They call it ‘The bestselling aircraft engine General Electric ever conceived‘. It doesn’t enter production until later this year, and it’s already got 8 000 orders valued at $80 billion. Not too shabby, right?
One of it’s stand out features is the 3D printing (otherwise known as additive manufacturing):
Every Leap engine contains 19 nozzles, each of which has to withstand temperatures up to 1,650 degrees Celsius. And where 20 separate parts were once machined together to construct the nozzle’s interior passageways, there is now only one piece built up by a layering of powdered metals melted and fused together through a direct metal laser melting, or DMLM, process–making each nozzle five times stronger than those made through milling, welding, and other subtractive manufacturing processes.

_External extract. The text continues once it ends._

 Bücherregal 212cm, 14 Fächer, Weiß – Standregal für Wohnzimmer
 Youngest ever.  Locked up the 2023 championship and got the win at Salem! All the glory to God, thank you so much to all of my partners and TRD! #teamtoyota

GE are suggesting that by 2020 they’ll be 3D printing (additive manufacturing) well in excess of 100 000 parts for their aircraft engines. 3D printing has massive advantages over conventional production processes.
Not to mention having the ability to test a design, fail quickly, and re-test a new design quickly. “You can iterate quickly, find out what’s working and not working, change designs, and you can do that many more times than what traditional technologies would allow people to do in the past,” says Morris, who says it took about 50 different iterations to finally have a working Leap engine fuel nozzle design.
I’m not certain we fully appreciate just what an impact 3D printing will have in our world? It’s far more extensive than we currently imagine. The world will be completely reconfigured (re-printed) through this technology during the next few years.